Wednesday, 4 July 2007

Gaza again

So, the captors have finally released Alan Johnston, meaning - amongst other things - that I no longer have to struggle to put the banner at the bottom of this blog. It's brilliant news, and I'm really pleased to see a positive headline for once, especially in so deserving a cause.

But what does this mean for Gaza? Well, its best journalist is free again. Will he work there still? I hope so, but I wouldn't blame him for choosing otherwise, especially given his family's concerns. But what does it mean for Hamas? It's an enormous propaganda success: one of the very highest order. It is no coincidence that Alan Johnston was taken to the home of the Hamas leader Ismail Haniya, sacked recently as PM. The propaganda message is enormously clear: that Hamas is in charge of Gaza, and that they can keep control in a respectable manner. Moreover, that in doing so, they have achieved what others cannot. So the question is this: when does a coup become a revolution?


Gavin said...

Today's editorial column in the Telegraph makes exactly the same point as you do: Hamas has gained international kudos, and will no doubt use the incident to put pressure on the British to recognise them.
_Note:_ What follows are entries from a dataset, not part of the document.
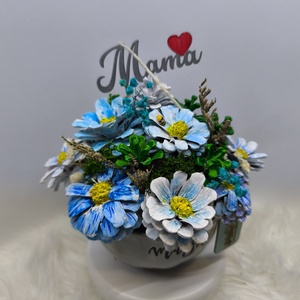 Kézzel festett tobozvirág-dísz kerámia tálban � kék � Anya / Mama felirattal, anyáknapi ajándék, Otthon & Életmód, Dekoráció, Asztal és polc dekoráció, Asztaldísz, Festett tárgyak, Virágkötés, MESKA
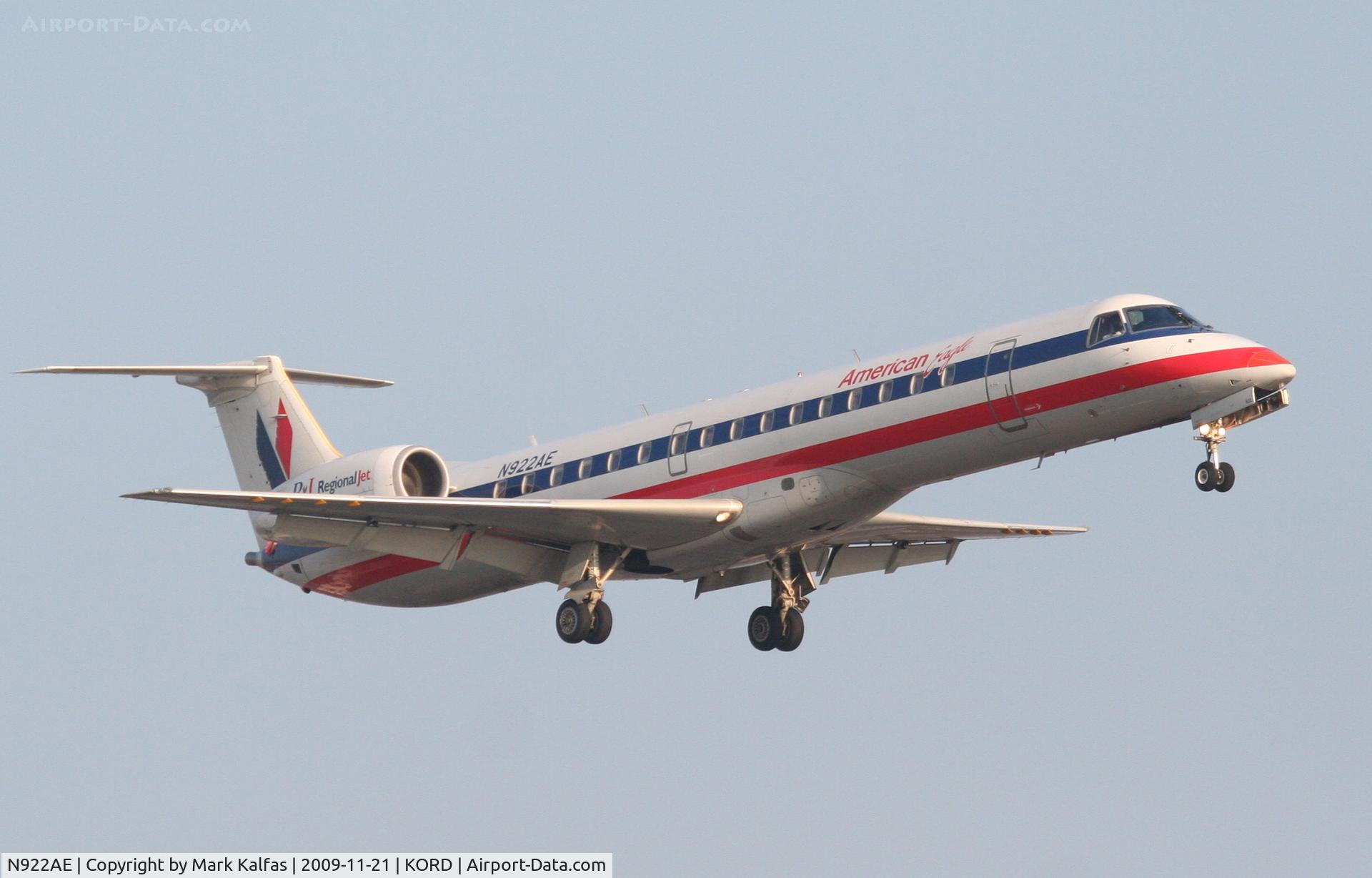 N922AE, 2005 Embraer ERJ-145LR (EMB-145LR) C/N 14500906, American Eagle EMB-145LR, EGF4262 arriving from KRDU, 22R KORD.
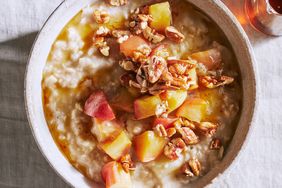 spiced apple oatmeal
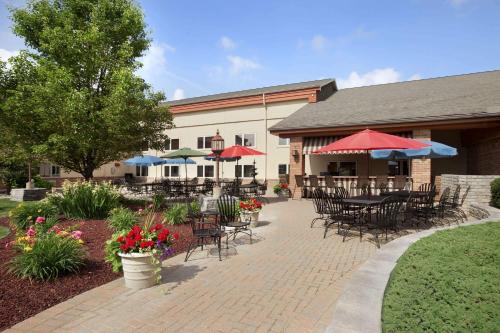 Фотография гостиницы Ramada by Wyndham Saginaw Hotel & Suites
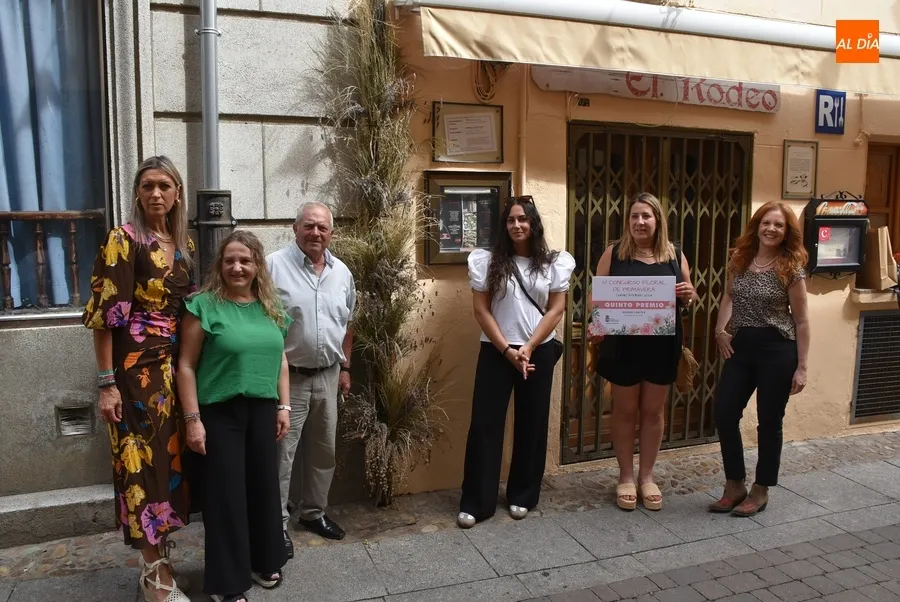 Foto 3 - Repartidos los premios del 4&ordm; Concurso Floral con un sentido recuerdo a Juan Pablo Mar&iacute;a Sastre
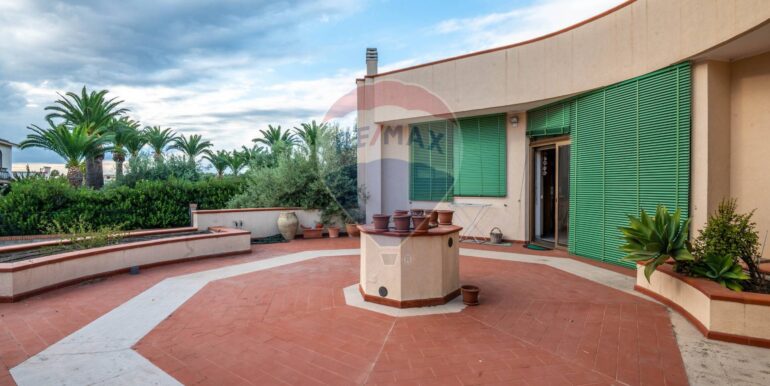 2025080871240-974023-57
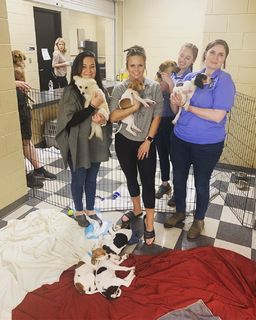 Miranda Lambert feet photo thumbnail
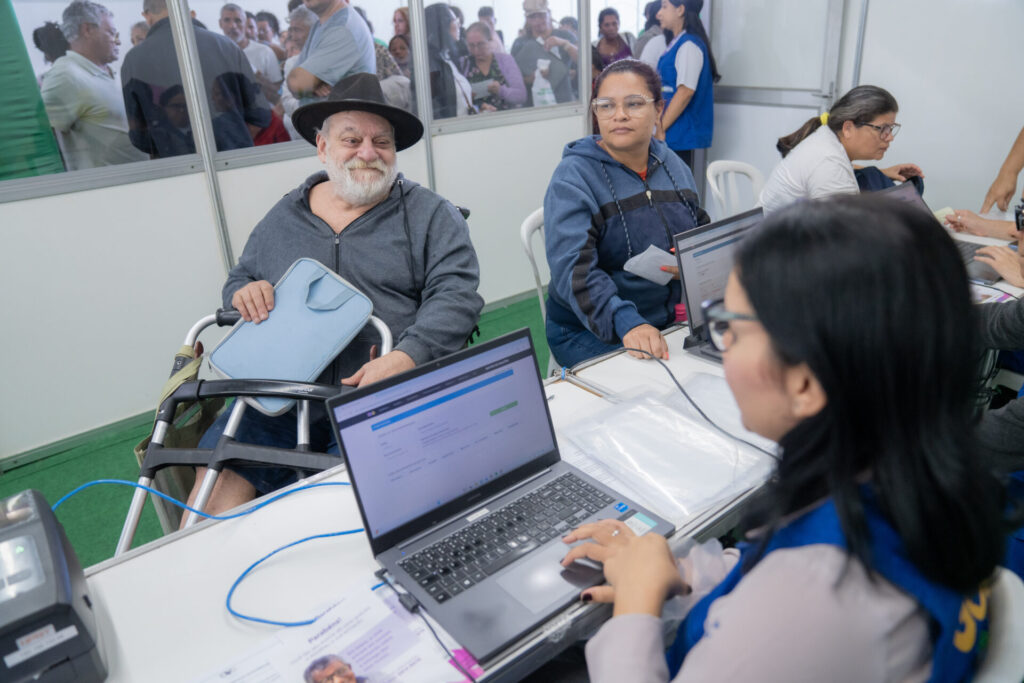 Mutirão de serviços em Aparecida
I'm not certain whether total exclusion of Hamas or an attempt at inclusion (as has seemed to work in N. Ireland) is the best strategy, but I do think that Sinn Fein and Hamas are different kettles of fish. OK, so Sinn Fein are a Left-wing republican political party, and the IRA, at its height, was essentially a criminal mob and is now more akin to the mafia than an ideological paramilitary, but the ideals being sought - an independent, united Ireland and an end to British rule - were not totally unacceptable. In contrast, Hamas refuses to recognise Israel and is made up of Islamic militants and terrorists who seem to want to kill all Jews and Westerners. The aims are different. I don't really see how the inclusion of Hamas in peace talks can bear fruit. Ideally I think the West should support Fatah as much as possible and try to come to some sort of Israeli-Palestinian accord without reference to Hamas. Should this happen, the militants would be seen as an irrelevant force. It doesn't matter whether they were democratically elected or not, an Islamist terrorist organisation should not be recognised as a government. But then again, we said that about Sinn Fein, didn't we?

Phil' said...

I'm actually not sure I agree. Is it wrong not to recognise Israel? Are the aims actually all that unreasonable? A united Ireland? A united Palestine? Granted, their methods are awful, but they have a mandate to rule legitimately.

Gavin said...

The aims are very different. Sinn Fein/IRA want a united Ireland, not the destruction of the United Kingdom. Hamas want to wipe Israel off the map. The IRA had to be treated as a terrorist organisation - it had to be infiltrated and defeated. The same should apply to Hamas, who by your own admission make no distinction between their political and militant wings. However, the grievances of Catholics in Northern Ireland also had to be addressed, and the issues could never be resolved until successful inclusion of nationalist interests was established. Similarly, the needs of oppressed Palestinians also need to be addressed, and this really has to involve a degree of inclusion of Palestinian political forces. However, progress cannot be made in relations between Israel and the Palestinians with Hamas in the way. Sinn Fein have settled down to a constitutional way of doing things and Catholics in Ulster have benefited hugely. The same could happen if Hamas adopted a constitional approach, but they won't. That's the difference.